# [Problem statement]
All of the data is to be written out again exactly, without the pictures.

[Web page caption snippets]
◆ ◆ ◆ ◆ ◆

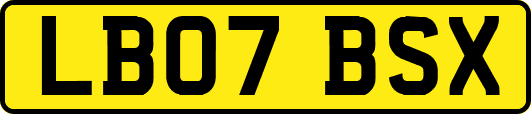 LB07BSX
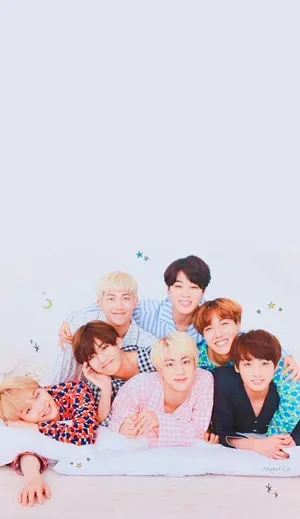 Download Bts Wallpaper Wallpaper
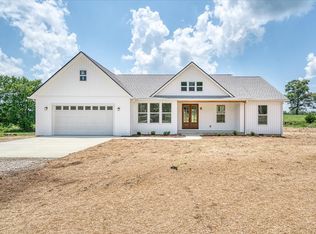 142 Bilbrey Rd, Livingston, TN 38570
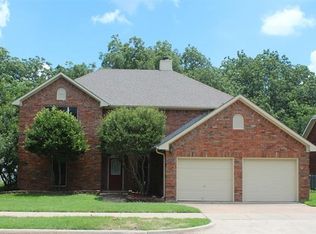 8414 Columbia Dr, Rowlett, TX 75089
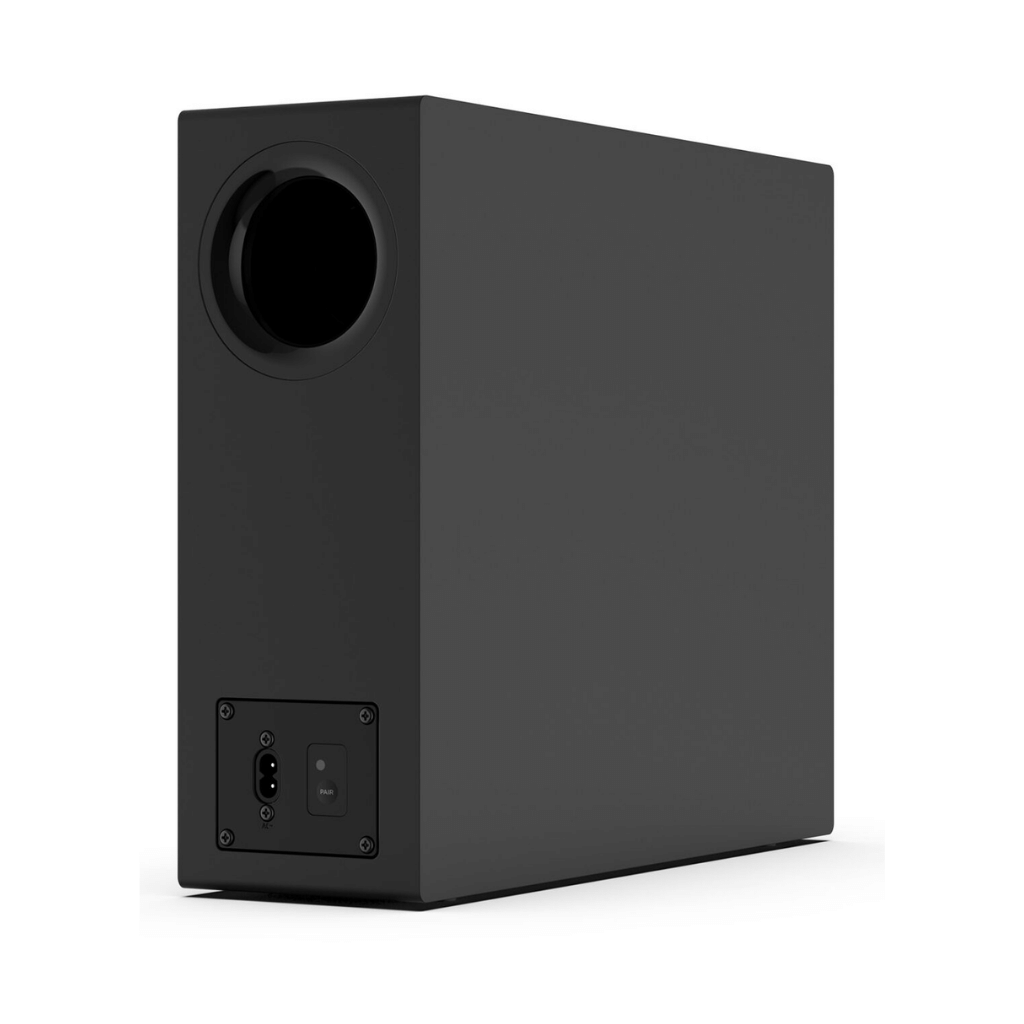 Hisense HS2100 wireless subwoofer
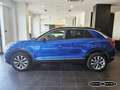 Volkswagen T-Roc T-Roc 2017 1.0 tsi Style 115cv Blu/Azzurro - thumbnail 4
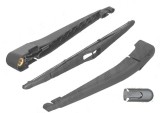 Brat stergator luneta Citroen C4 (La/Lc), 10.2004-12.2010, spate, Hatchback 5 usi, cu lamela stergator de 290 mm, ; specific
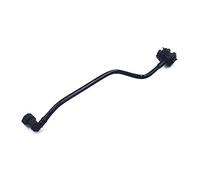 SRGDRR 1K0201160 1J0201246B for Je-TT-a for Golf MK6 2004-2015 for Audi A3 TT Charbon Actif Cartouche de Charbon de Bois Tuyau Remplacement des Accessoires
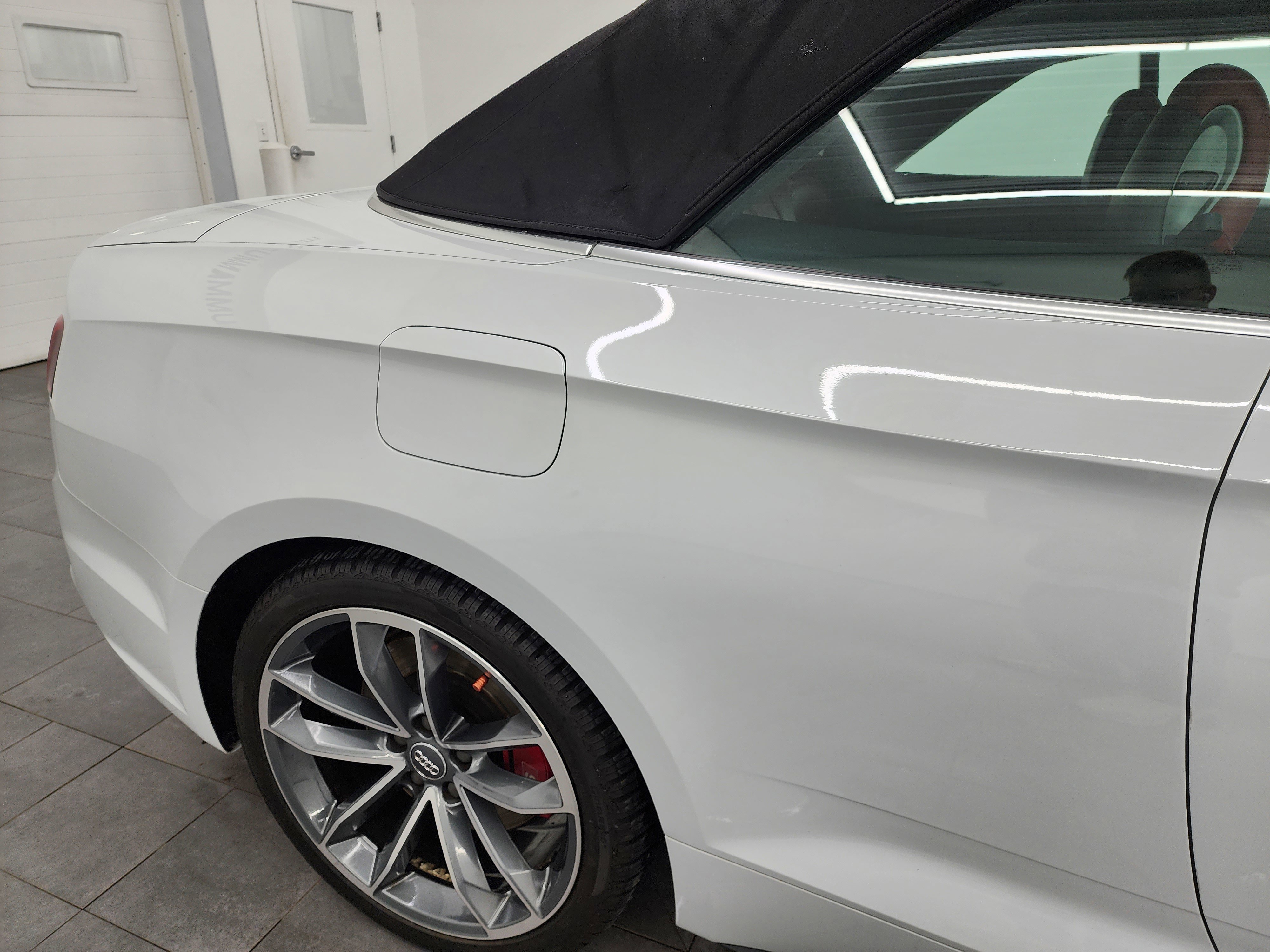 Used 2018 Audi S5 Premium Plus w/ Navigation Package image 24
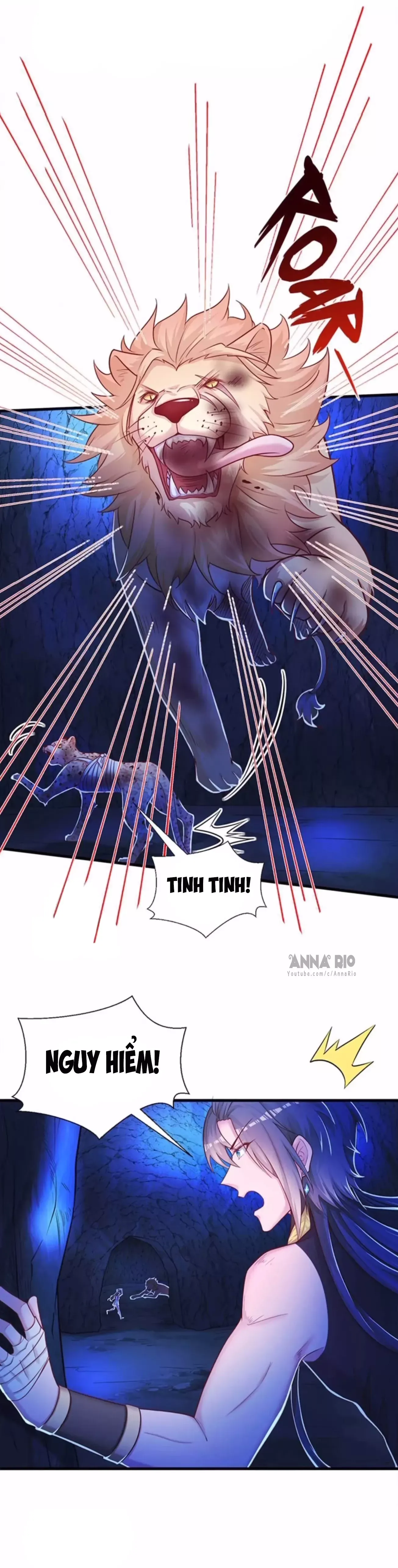 Thảnh Thơi Thú Thế Chủng Chủng Điền Sinh Sinh Tể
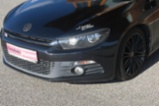 Volkswagen Scirocco, 2,0TDI SPORT Panorama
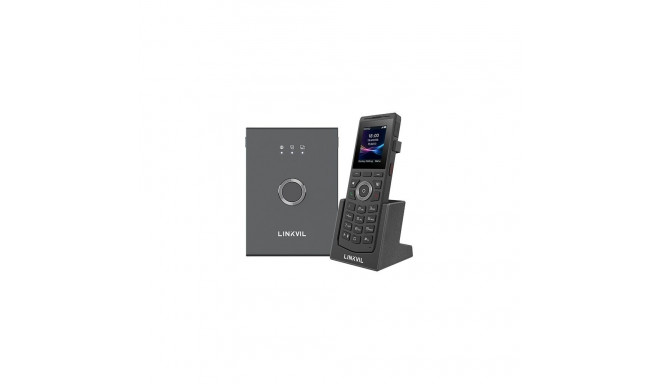 "Fanvil W710P, DECT Phone System / Single-Cell / Bundle"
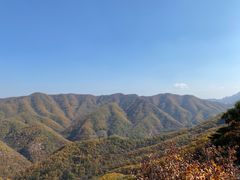 -丹东凤凰山景区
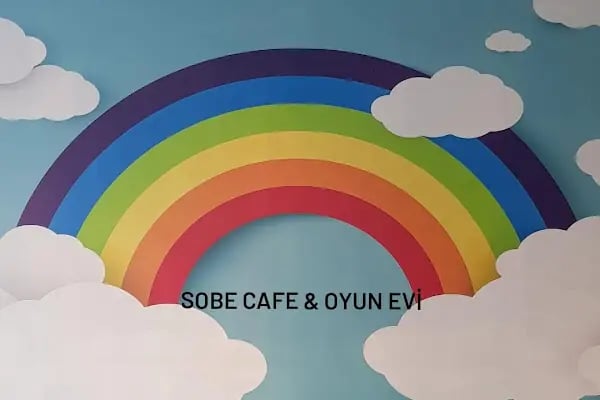 SOBE CAFE OYUN EVİ - Resim 6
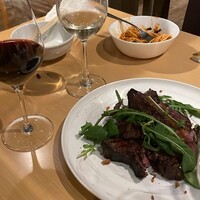 エサカイタリアン オカムー - 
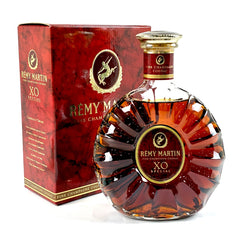 レミーマルタン XO スペシャル 現行 クリアボトル 700ml ブランデー コニャック 酒 【古酒】liqbb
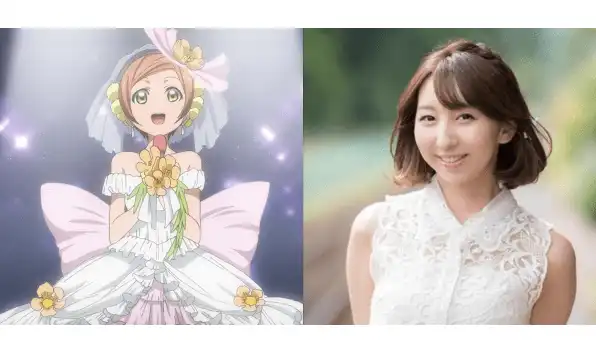 《LoveLive》星空凛的声优饭田里穗顺利产下双胞胎-漫画客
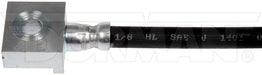 Brake Hydraulic Hose Dorman-First Stop H622458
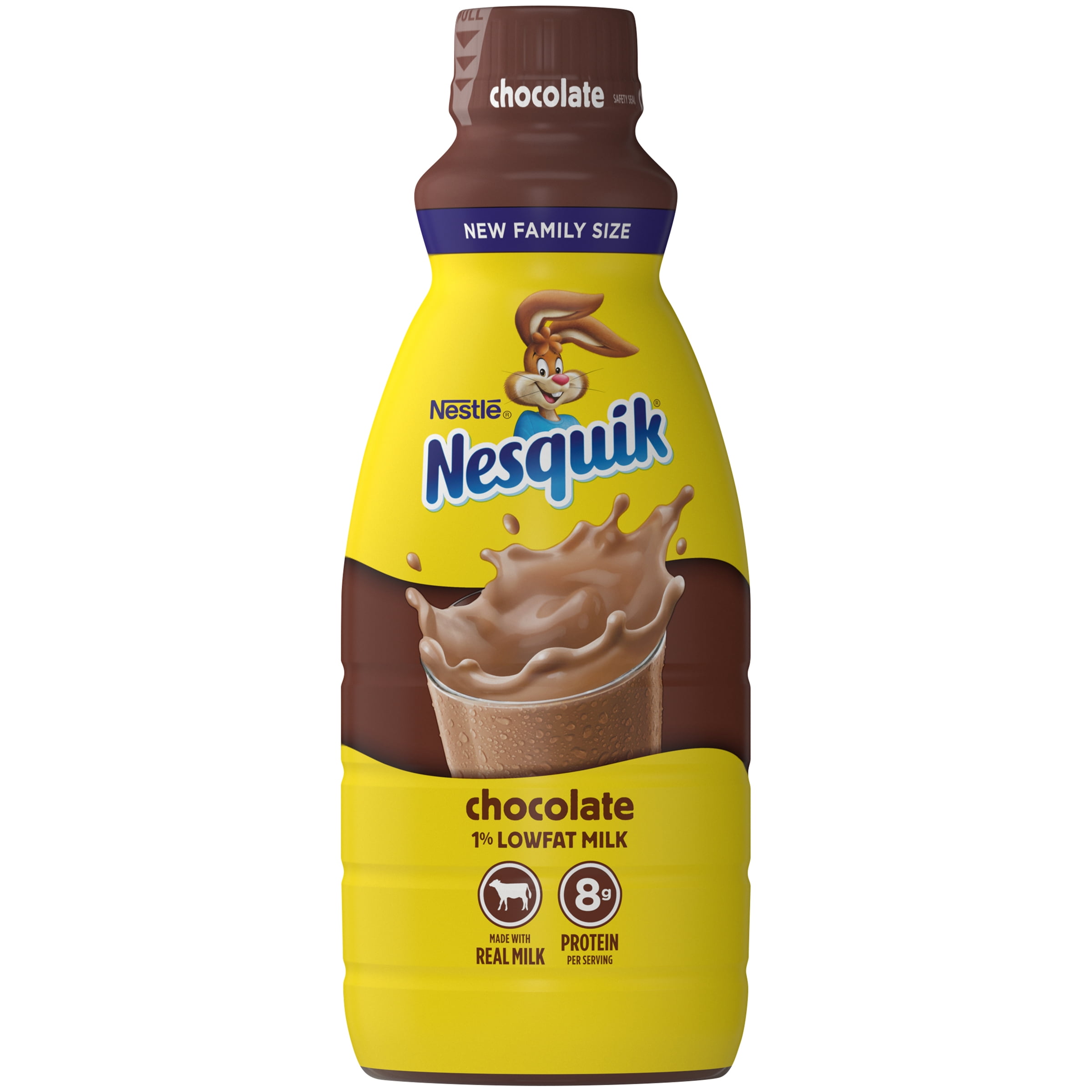 Walmart Chocolate Milk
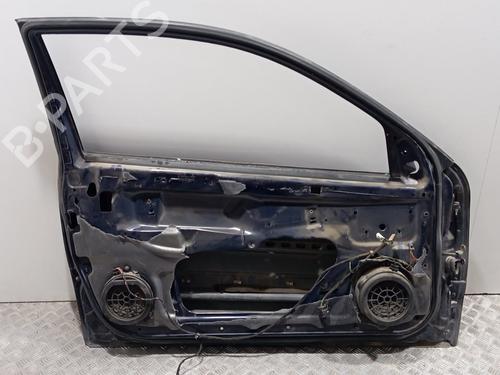 Left front door MERCEDES-BENZ C-CLASS Coupe (CL203)  | BP29448880C2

◆ ◆ ◆ ◆ ◆

# [Answer to the problem]
 LB07BSX
 Download Bts Wallpaper Wallpaper
 142 Bilbrey Rd, Livingston, TN 38570
 8414 Columbia Dr, Rowlett, TX 75089
 Hisense HS2100 wireless subwoofer
 Volkswagen T-Roc T-Roc 2017 1.0 tsi Style 115cv Blu/Azzurro - thumbnail 4
 Brat stergator luneta Citroen C4 (La/Lc), 10.2004-12.2010, spate, Hatchback 5 usi, cu lamela stergator de 290 mm, ; specific
 SRGDRR 1K0201160 1J0201246B for Je-TT-a for Golf MK6 2004-2015 for Audi A3 TT Charbon Actif Cartouche de Charbon de Bois Tuyau Remplacement des Accessoires
 Used 2018 Audi S5 Premium Plus w/ Navigation Package image 24
 Thảnh Thơi Thú Thế Chủng Chủng Điền Sinh Sinh Tể
 Volkswagen Scirocco, 2,0TDI SPORT Panorama
 "Fanvil W710P, DECT Phone System / Single-Cell / Bundle"
 -丹东凤凰山景区
 SOBE CAFE OYUN EVİ - Resim 6
 エサカイタリアン オカムー - 
 レミーマルタン XO スペシャル 現行 クリアボトル 700ml ブランデー コニャック 酒 【古酒】liqbb
 《LoveLive》星空凛的声优饭田里穗顺利产下双胞胎-漫画客
 Brake Hydraulic Hose Dorman-First Stop H622458
 Walmart Chocolate Milk
 Left front door MERCEDES-BENZ C-CLASS Coupe (CL203)  | BP29448880C2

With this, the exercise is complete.